Atualmente, o curso de Direito é um dos que mais atrai alunos. Conforme o Censo da Educação Superior de 2009, divulgado em janeiro último pelo Ministério da Educação, está em segundo lugar, com 651 mil matrículas, atrás apenas de Administração, com 1,1 milhão de matrículas, seguido de Pedagogia (573 mil) e Engenharia (420 mil).

O impacto dessa mudança ocorrerá em longo prazo, entre sete ou dez anos, mas será, sem sombra de dúvida, sentido.Como disse a presidenta Dilma Rousseff bem recentemente, "com o novo Fies só não estuda quem não quer". Ela se referia especificamente ao financiamento do governo para a formação superior em faculdades particulares. De 31 de janeiro até agora, cerca de 34 mil alunos contrataram o financiamento estudantil, e mais 29 mil contratos estão em análise. Dilma disse que os juros de 3,4% ao ano oferecidos pelo programa são baixos, e que o pagamento só tem início um ano e meio após a conclusão do curso.

São números elevados mesmo sem uma campanha de marketing mais explícita em relação a essas modificações. Toda essa movimentação do Governo e dos representantes das IES não evidencia, porém, uma preocupação genuína com a qualidade do ensino ofertado, seja no presente ou no futuro. Isso é sintomático.

Nesse contexto, o Exame de Ordem, de forma bastante objetiva, revela os abismos existentes entre as instituições de ensino. Enquanto algumas aprovam mais de 50% dos seus alunos (muito poucas, por sinal), a grande maioria não aprova nem 5% dos seus egressos.

A Abmes, naturalmente, não mencionou este fato em seu ofício ao presidente do Conselho Nacional de Educação, e nunca o faria, pois seu papel é o de defender os interesses das IES, e não atuar como reguladora da qualidade do ensino de seus associados. O governo federal e a Abmes querem números, estatísticas. Uma expansão quantitativa de universitários.

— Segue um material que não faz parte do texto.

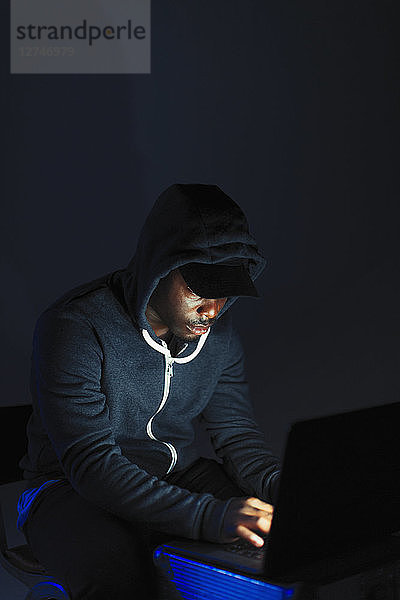 Teenage boy in hoody sitting at laptop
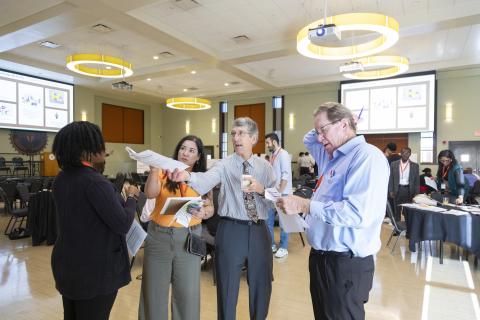 Professionals and attendees engage in discussion at a conference or workshop event in a modern meeting room with yellow pendant lighting.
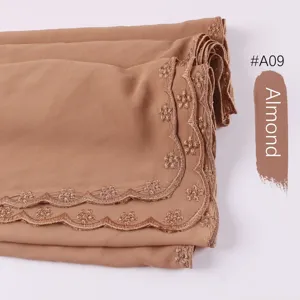 Vista detallada de bufanda hijab de gasa bordada con elegante borde de encaje ondulado.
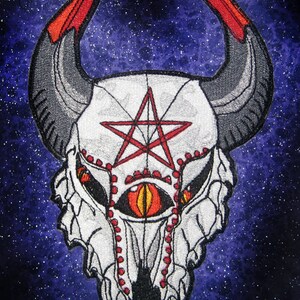 May include: Embroidered patch featuring a white skull with a red pentagram and a single red eye. The skull has horns and is set against a dark blue starry background. The text "spiderstitches.com" is visible at the top of the image.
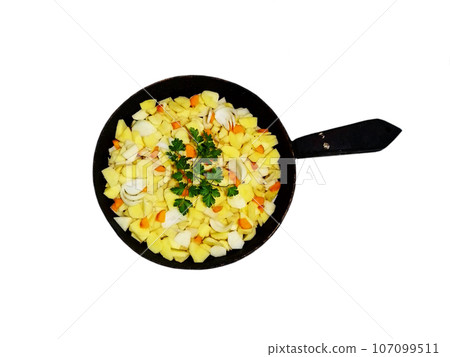 Raw chopped potatoes with onions, carrots and parsley for brewing in an old iron frying pan 107099511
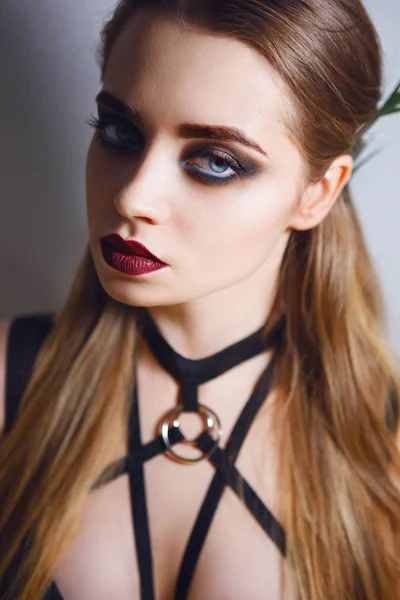 Close-up portrait of beautiful woman with bright dark make-up, red lips, long brown hair in black underwear and bandage — Stock Photo, Image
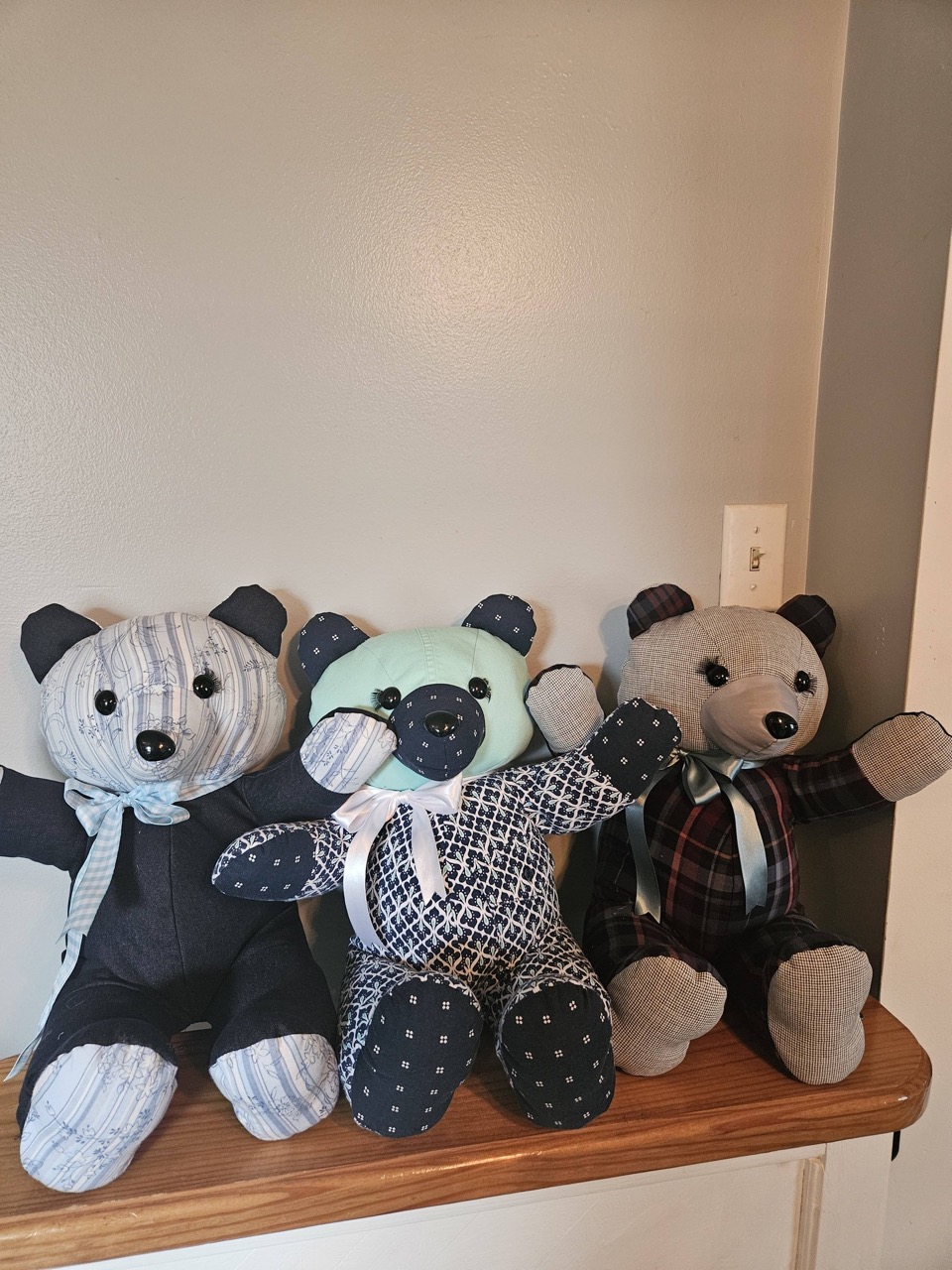 Three memory keepsake bears sewn from button-up dress shirts in blue, navy, and plaid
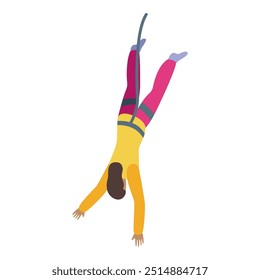 Young woman is jumping upside down, secured by a bungee jumping rope attached to her legs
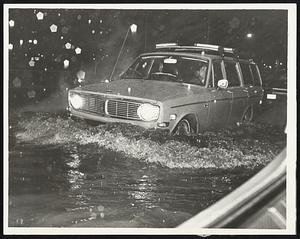 Some Boston streets became waterways yesterday as water reached hub cap depth. Here, motorist plows his way along Charles street opposite Boston Common.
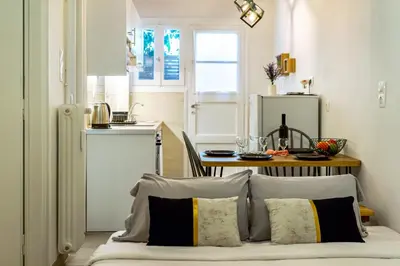 a room with a bed with pillows and a kitchen at Galini Acropolis Lux Apartment in Athens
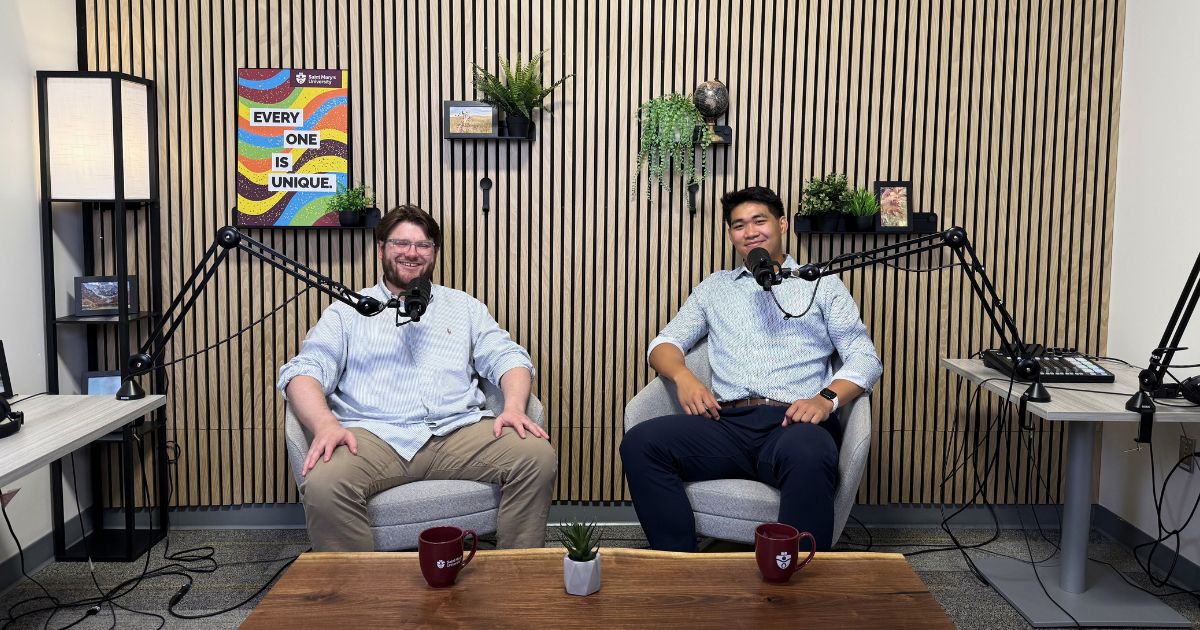 A professor and student sit together in the podcast studio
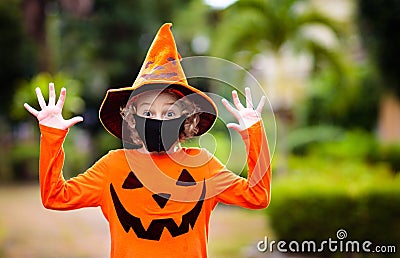 Kids trick or treat. Halloween in face mask Stock Photo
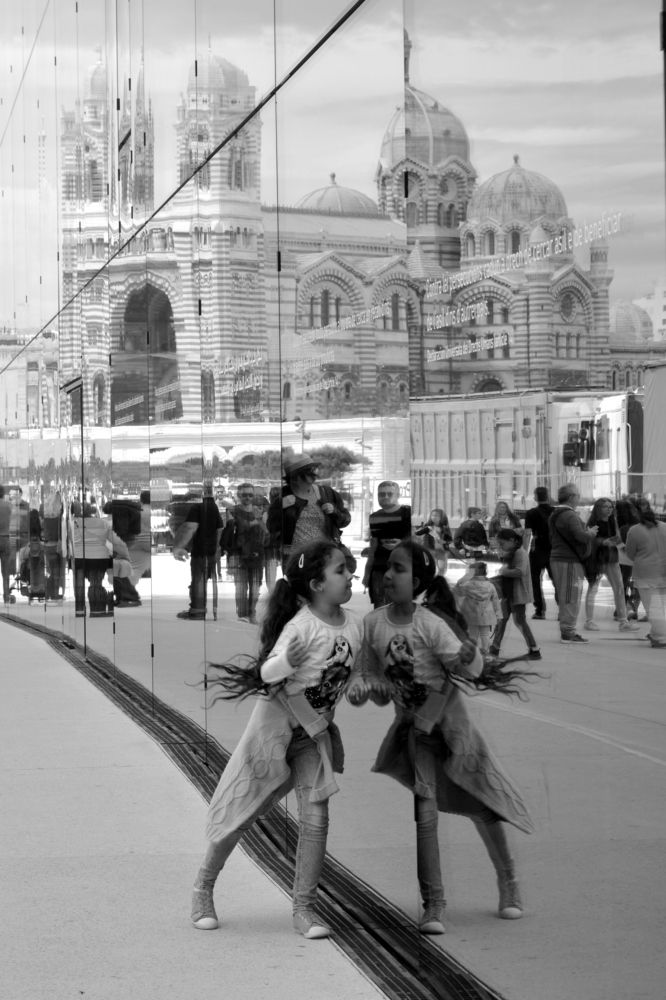 The reflect of the little girl.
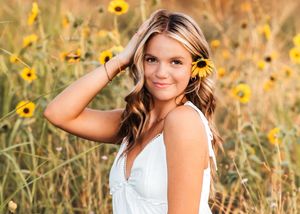A person poses in a sunflower field at golden hour wearing a white dress with flowers in their hair.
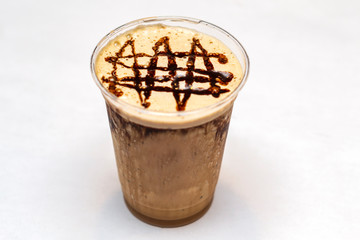 Unbranded coffee based ice drink with caramel and chocolate isolated on white background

Como o alvo dessa investida são os jovens que agora podem pagar pelo ensino superior em razão da melhoria das condições econômicas do país (classes C, D e E) e pela maior facilidade de financiamento pelo Fies, é fácil vislumbrar a ampliação de um drama já existente hoje: a exclusão em massa de jovens bacharéis do mercado de trabalho.

Os dois últimos Exames da OAB reprovaram 85% dos candidatos. É muito provável, portanto, que os futuros universitários de classes menos favorecidas optantes pela carreira das Ciências Jurídicas contraiam empréstimos para se formar mas não consigam, ao final, passar pelo Exame e justificar o investimento, o tempo e o curso escolhido — investimento, diga-se de passagem, muito elevado, ainda mais para as classes alvo do projeto de expansão.

Esse é um drama já vivido por centenas de milhares de bacharéis em Direito, e provavelmente o será também pelos de outras áreas, pois váriosconselhos de classe lutarão para criar exames tais como hoje é o da OAB. O Conselho de Contabilidade já conseguiu criar seu Exame de Suficiência, por exemplo. Está se desenhando no futuro um grande drama social, com milhões de formados impossibilitados de exercer suas profissões, pois inexiste uma preocupação em melhorar a qualidade do ensino como um todo, desde o fundamental, passando pelo médio e o superior.

Em suma, no papel está tudo muito lindo, mas, na prática, estamos preparando uma bomba para os futuros estudantes universitários, enganados desde agora com uma promessa de estudos e de vida melhor que, para muitos, não irá se concretizar. Assim, criar-se-á mais uma forma de concentração de riquezas neste país, sem a contraprestação de uma efetiva oferta de educação de qualidade. E não se trata de exercício de futurologia, pois hoje isso já acontece com os mais de dois milhões de acadêmicos em Direito vencidos pelo Exame de Ordem, alijados do exercício da advocacia.

O papel do MEC, infelizmente, é meramente decorativo quando o assunto é fiscalização do ensino superior, e o corte de vagas não passou de medida cosmética, desprovida de maior efetividade. Pelo o atual desenho das intenções, o problema de hoje será, e muito, expandido no futuro. Tem toda cara de ser uma bomba relógio social. Aguardemos sua (inevitável) explosão.